Muscular Strength and Power

Lower-body muscular strength was evaluated by determination of the 1-repetition maximum (1-RM) in the squat (SQ), power clean (PCLN), and jerk (JK) 1 week after sprint testing (7). All subjects were well accustomed to maximal strength testing. Squats were performed from the standing position, with the bar held high on the back of the shoulders. The SQ was judged successful if the subject squatted to a position where the hip was below the level of the knee and then returned to a full upright position. Judgment of the SQ was given after completion of the repetition, because no signal was given to the subject during the repetition regarding depth of SQ. Power cleans were preformed from the floor without the use of grip-assisting straps. A PCLN attempt was judged successful if the bar went from the floor to the shoulders in one continuous movement, and the bar was received with the hips above the level of the knee. The JK was judged according to Olympic-style competition rules. The bar was taken from the rack to the starting position. The bar had to travel from the shoulders to the full-extension overhead position in one motion. One-RM testing was performed by progressively incrementing load until the subject was unable to successfully complete the lift. The 1-RM was typically achieved in 3-5 maximal attempts. Over 4 years of testing, the test-retest correlations within any test cycle for all strength tests range from r = 0.90-0.96 with a minimum of 4 and maximum of 8 days between tests.
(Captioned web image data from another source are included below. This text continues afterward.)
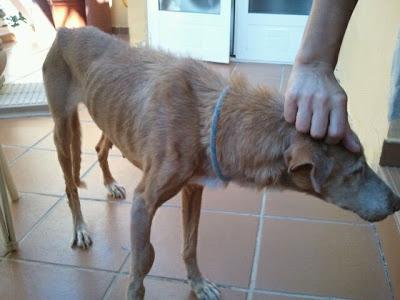 PODENCA DE 11 AÑOS EN MEDIO DE LA AUTOVÍA!! (MURCIA)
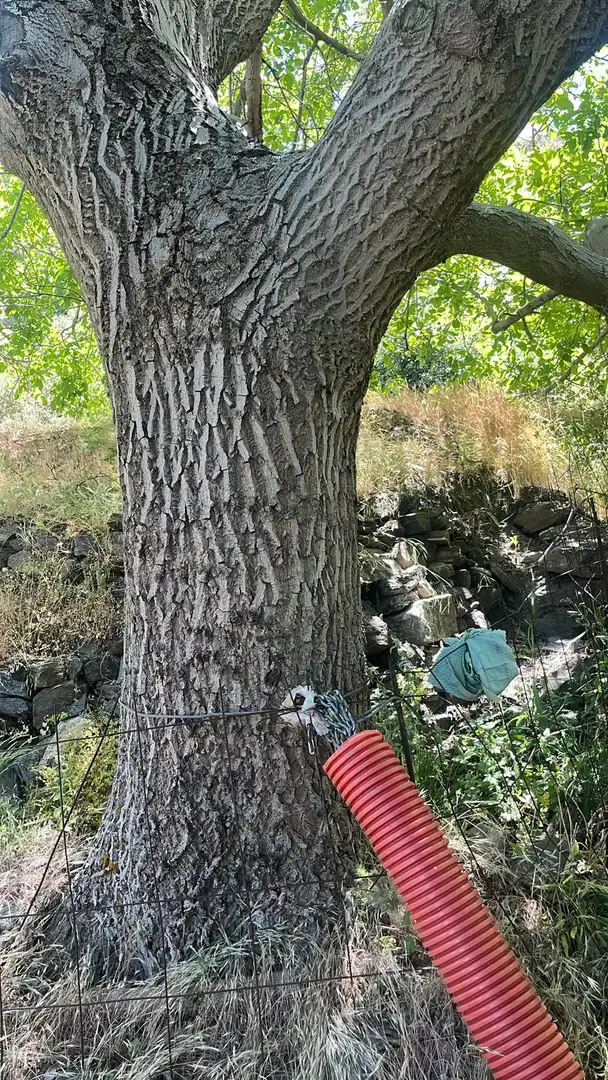 Terreni e lotti in vendita a Nigüelas, imagen 23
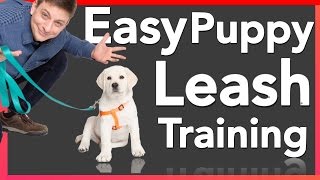 How to Leash Train your Puppy [upl. by Eyaf445]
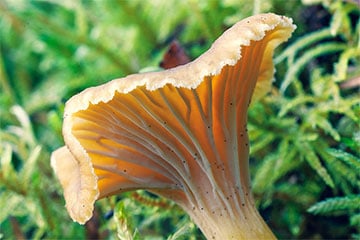 Беларусы уже собирают лисички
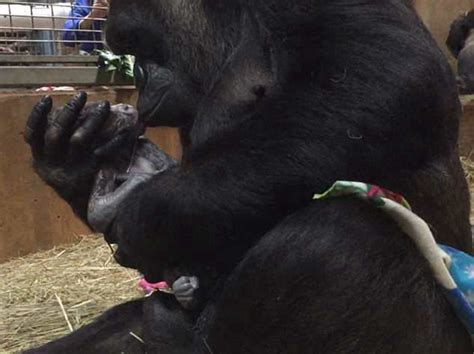 Video Captures Wonderful Moment Of Mother Gorilla Holding Her Newborn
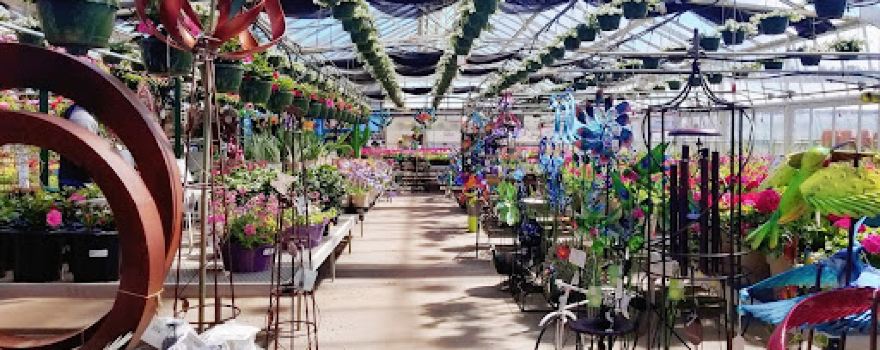Thomsens Garden Center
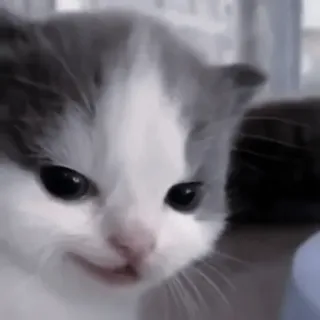 🐈‍⬛ kätzchen, katze, süß, haustier, tier telegram sticker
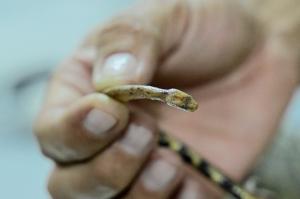 Specie nouă de şarpe descoperită în Amazonul ecuadorian: "Sunt o relicvă a timpului, atât de străvechi"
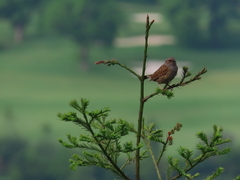 Dunnock
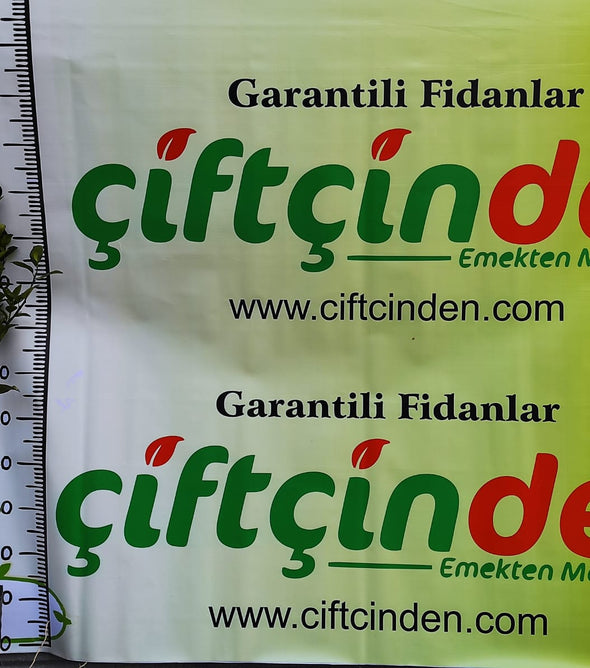 W MURCOT MANDALİNA TÜPLÜ FİDANI Çiftçinden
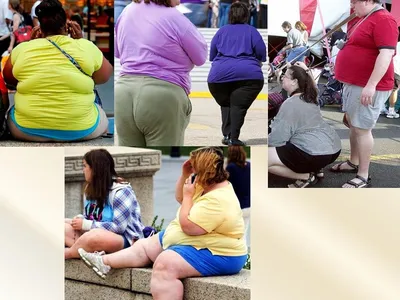 Почему в США так много людей с ожирением? Причина этому — пищевые привычки,  о которых вы не знали | Мода в деталях | Дзен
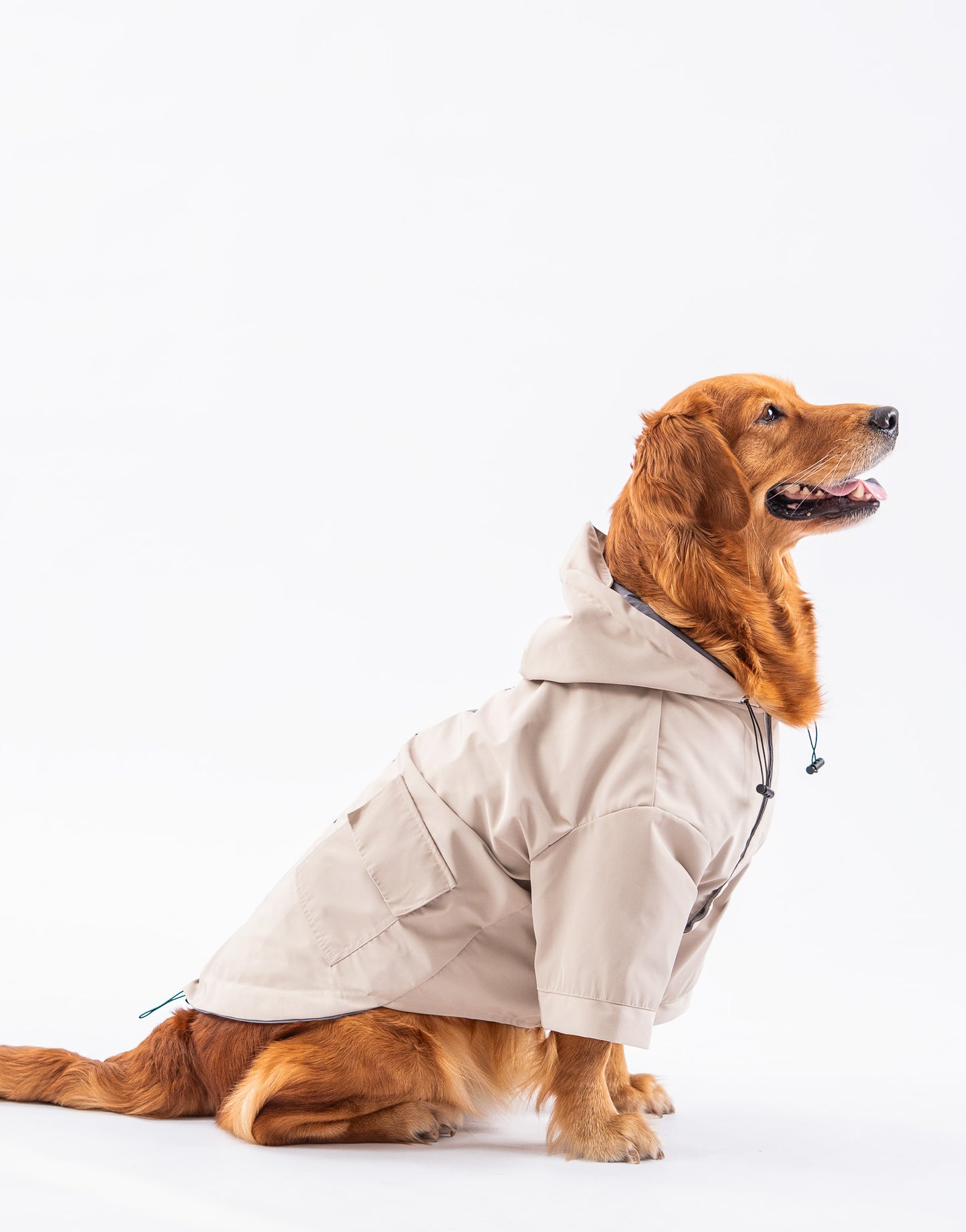 Booply RainShield Dog Raincoat – Sand Beige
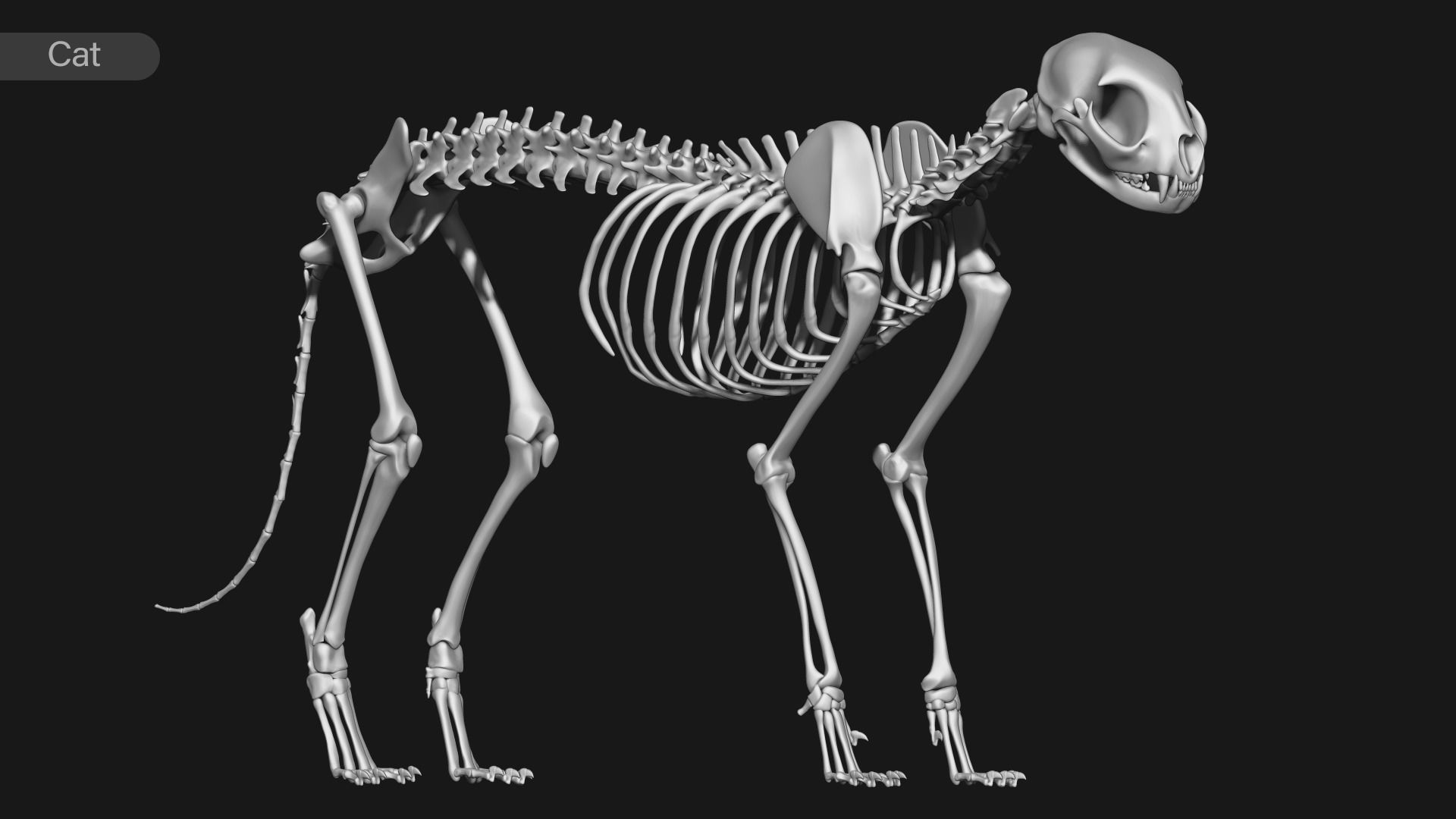 animal skeleton collection 3D model_4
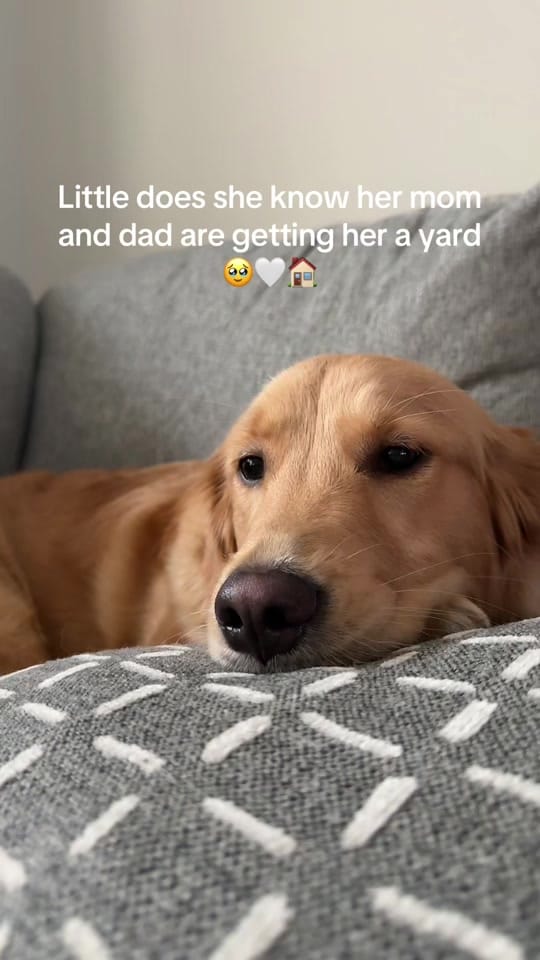 Post 2 by Janey Wilson on TikTok (video)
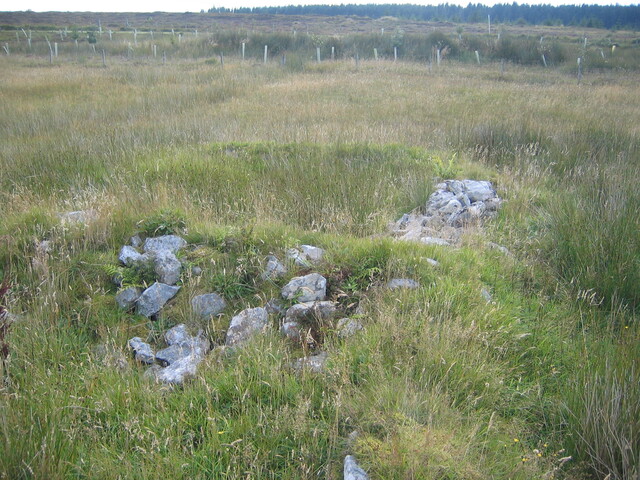 EHG3814_6AchowLybster.JPG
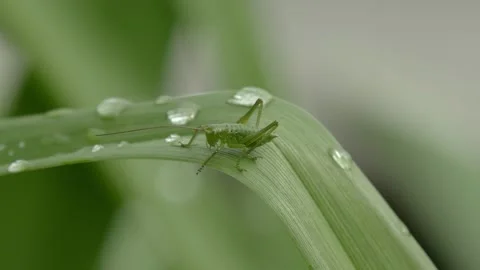 Green grasshopper moves on a green leaf on which water droplets from dew or rain Stock Footage 132505789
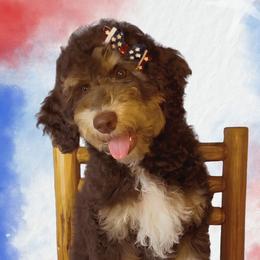 Widow - Red tri-color female Aussiedoodle puppy in Springfield, Missouri from Aspen River Doodles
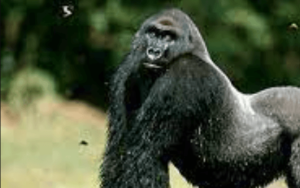 5120x1440p 329 gorilla wallpapers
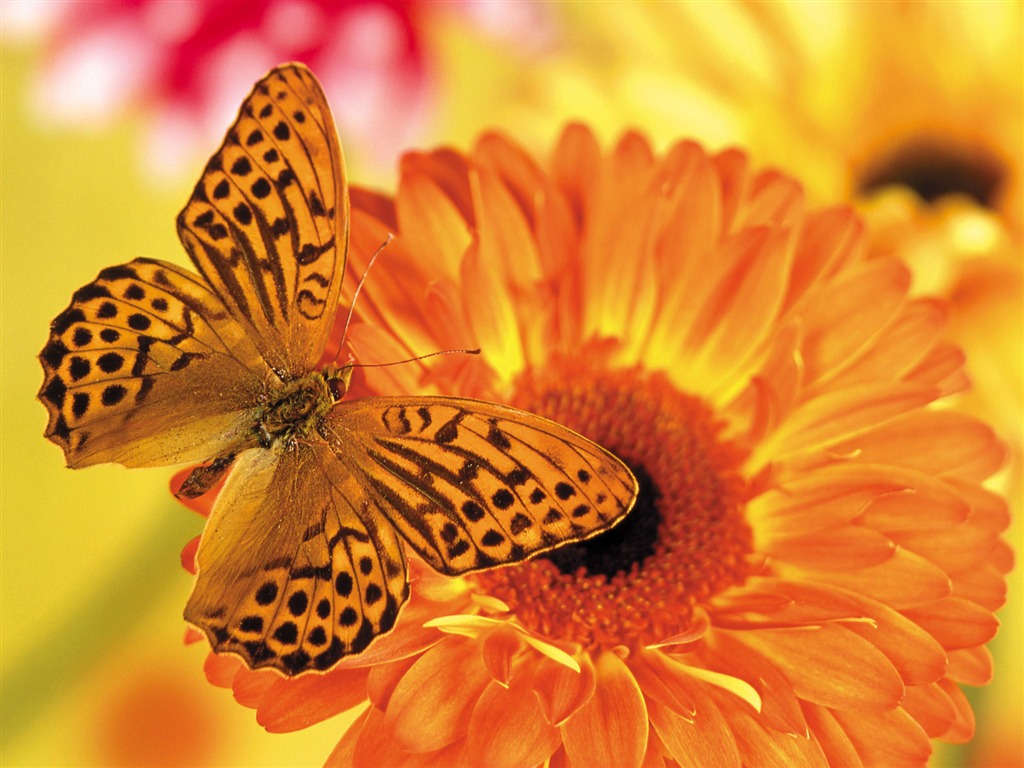 Papillons et fleurs album papier peint (1) #9 - 1024x768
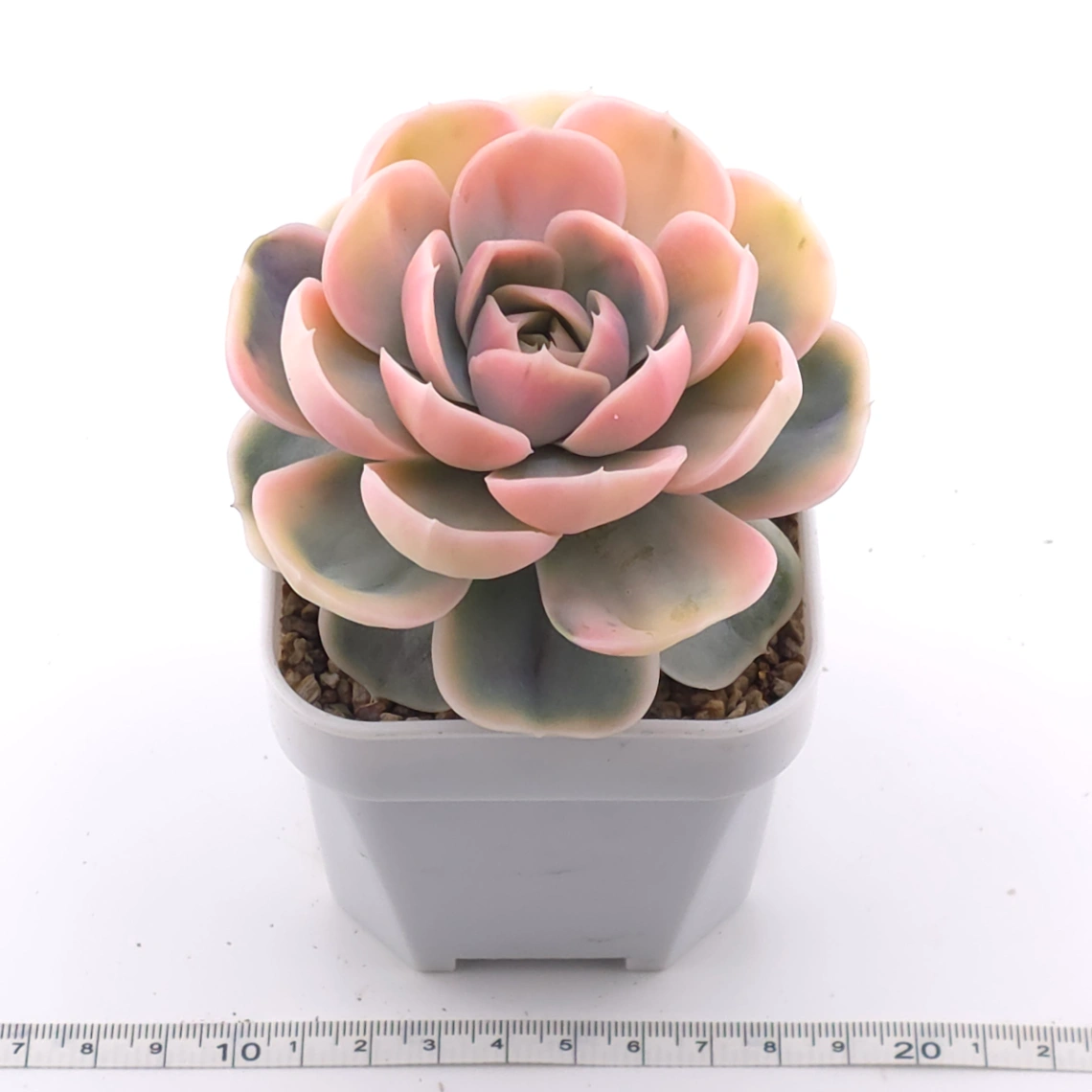 Echeveria ‘Blue Surprise’ variegated | 藍色驚起錦 thumbnail 3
Leg power was assessed with the vertical jump (VJ), standing long jump (SLJ), and the standing triple jump (STJ). All jumps were initiated from a stationary standing position with a bent knee counter movement at the player's discretion. Vertical jump was assessed with a Vertec as the difference between jump height and standing reach height. Standing long jump and STJ were determined with a tape measure on a gymnasium floor. The best of 3 trials was used for analysis. The difference between the 3 trials was never greater than 4.82 cm (VJ), 19.6 cm (SLJ), or 46.3 cm (STJ).

Training Program

Players participated in a 12-week winter off-season training program designed in a linear periodization fashion. The training program consisted of 3 4-week training microcycles. The make-up of the microcycles was 3 weeks of training followed by 1 week of testing and recovery. Microcycles consisted of 4 training days per week, of which 2 days focused on leg strength and power and 2 days focused on upper-body strength and power. The lifts used were the squat, PCLN, power snatch, and JK (leg strength and power) and push press, bench press, and incline press (upper-body strength and power). Training intensity increased from week 1 to week 3. Individual lifts were performed for 4-8 sets with 1-5 repetitions per set, with a decreasing intensity and an increasing repetition pattern as follows: week 1-intensity 85/80% for 4/5 repetitions, week 2-intensity 90/85/80% for 2/4/5 repetitions, week 3-intensity 95/90/85/80% for 1/2/4/5 repetitions. The testing/recovery week consisted 1-RM testing on the first 2 days of the week and active recovery consisting of 4 sets per lift at 70% for 4 reps (first microcycle) and 80% for 2 reps (second and third microcycles) on the other 2 training days.

Auxiliary lifts were performed on each upper-body training day for 4 sets of 8 repetitions. Three to 4 exercises were performed in various combinations. The exercises included close-grip bench press, dumbbell press, bent-over rows, triceps extensions, biceps curls, parallel dips, pull-ups (pronated grip), and chin-ups (supine grip). Torso stability work was performed 2 times per week.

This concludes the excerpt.